Malteser stellen nochmals 250.000 Euro für Hilfsprogramme zur Verfügung

"Viele Menschen – vor allem in den ländlichen Gebieten – haben keine Lebensgrundlage mehr und müssen völlig neu anfangen, auch wenn der Alltag wieder einigermaßen ruhig verläuft", berichtet Birke Herzbruch, Nothilfe-Referentin des Malteser Auslandsdienstes, aus dem Nordirak.

Mit dem Techniker Jon Freeman hielt sich Herzbruch Ende Juni zehn Tage lang in der Region um die Städte Erbil, Mosul, Makhmur und Kirkuk auf.

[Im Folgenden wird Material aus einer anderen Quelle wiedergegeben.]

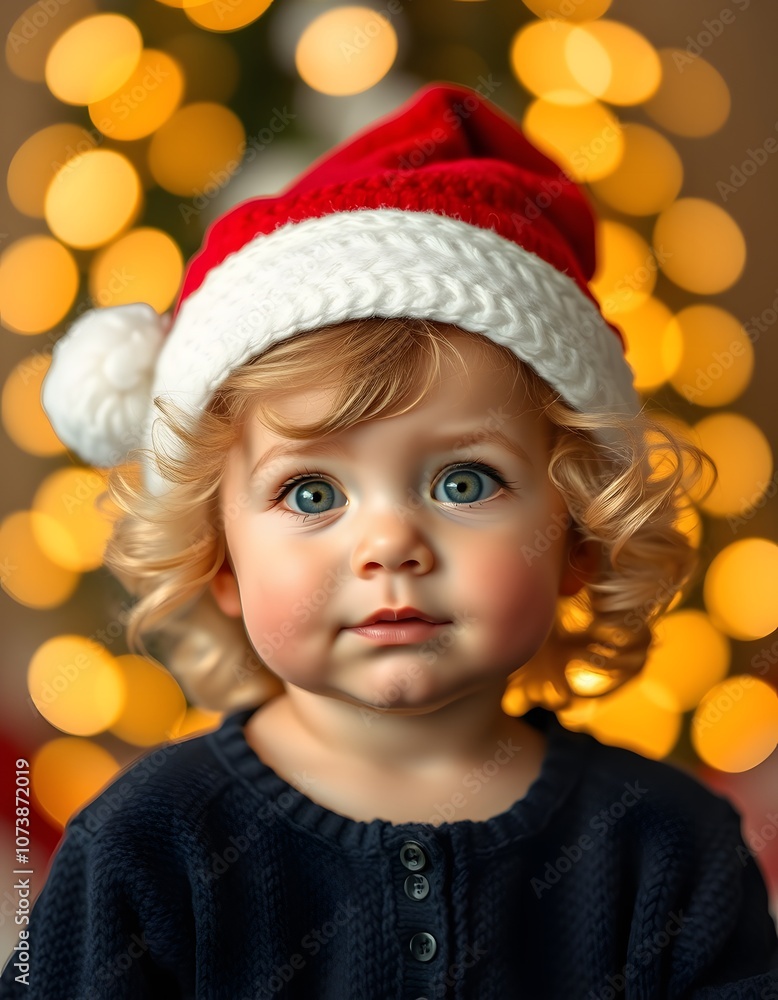 Cheerful Child in Santa Hat with Festive Bokeh Lights Created with Generative AI Cheerful Child in Santa Hat with Festive Bokeh Lights Created with Generative AI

Hier und in den umliegenden Dörfern fehlt vor allem die soziale und wirtschaftliche Infrastruktur: Viele Familien leben in Armut, können weder Miete noch medizinische Versorgung bezahlen. Besonders betroffen sind die zahlreichen Vertriebenen: Nach jüngsten Schätzungen leben allein in Mosul und Erbil rund 81.000 Familien, die während des Krieges aus ihren Heimatdörfern fliehen mussten.

Die Malteser stellen deshalb weitere 250.000 Euro für Hilfsprojekte zur Verfügung. Geplant sind neue Programme zur Schaffung von Einkommen und zur Förderung von binnenwirtschaftlichen Strukturen in Dörfern und Gemeinden. Die Menschen im Nordirak sollen ihr Leben wieder selbst in die Hand nehmen können und eine funktionierende Zivilgesellschaft aufbauen. Zusätzliche Projekte sollen gesundheitliche Aufklärungsarbeit leisten.

Bereits seit Ende des Krieges unterstützen die Malteser den Wiederaufbau der Gesundheitsversorgung im Norden des Irak. Alle Projekte werden in enger Zusammenarbeit mit lokalen Partnern durchgeführt.